Узнав, что Лили беременна и что во время обморока она упала на пол, седенький доктор изобразил на своем лице многозначительную гримасу, неодобрительно промычал что-то и покачал головой.
— Потрудитесь выйти! — обратился он к Рогожину. — Мне необходимо исследовать больную. По всему вероятию, следует ожидать выкидыша. Положение очень серьезное!..
Рогожин весь сразу осунулся и послушно вышел из спальни. Берта плотно затворила за ним дверь.
Сев у окна в столовой, Рогожин замер в неподвижной позе. «А что, если Лили умрет?» — мелькнула вдруг в голове страшная мысль.
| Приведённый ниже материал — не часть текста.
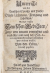 Morhof, Daniel Georg - Unterricht von der Teutschen Sprache und Poesie/ Deren Ursprung/ Fortgang und Lehrsätzen/ Sampt dessen Teutschen Gedichten/ Jetzo von neuem vermehret und verbessert/ und nach deß Seel. Autoris eigenem Exemplare übersehen/ zum andern mahle/ Von den Erben/ herauß gegeben.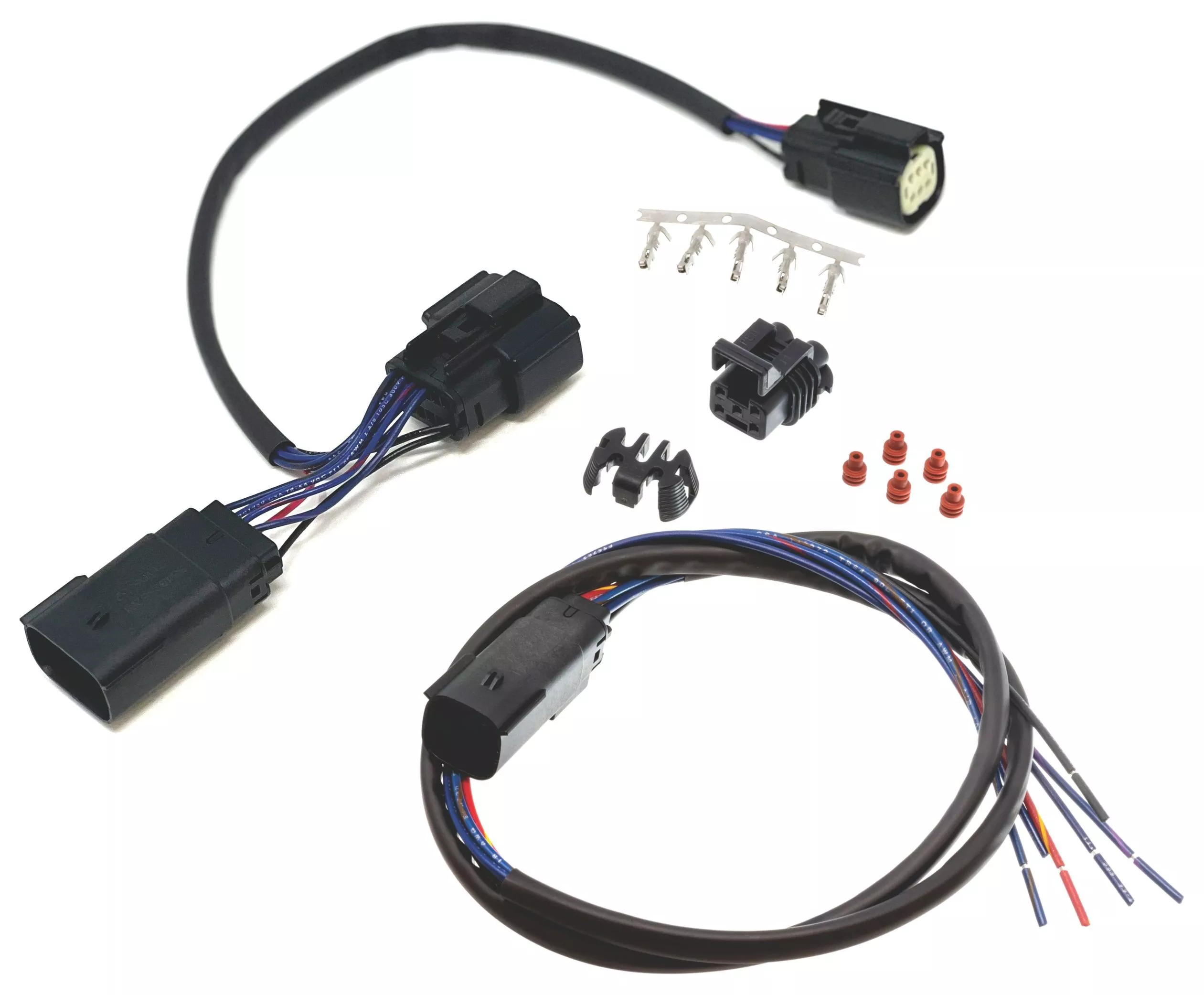 Namz Complete Tour Pack Wiring Installation Kit For Harley FLHX / FLTR 2023-2025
Холодная струя пробежала по спине Рогожина и жгучей болью отозвалась в сердце. И все ревнивые мучения сменились одним только невыразимым ужасом потерять навсегда Лили. Жизнь без нее показалась Рогожину ненужной и нелепой.
И нелепым показалось и то, что он так долго терзался от неожиданного признания Лили и никак не мог примириться с тем, что она отдалась Далецкому. Все это показалось ничтожным и глупым по сравнению с тем, что сейчас совершалось там, в спальне.
Рогожин как будто чувствовал присутствие в этой квартире старухи с косой, грозившей отнять у него навсегда, бесповоротно дорогую женщину. Впервые за долгие годы он начал произносить про себя слова молитвы, путаясь и сбиваясь от волнения и незнания текста. Бог долго ему не был нужен. А зачем, если все и так в его жизни складывалось превосходно.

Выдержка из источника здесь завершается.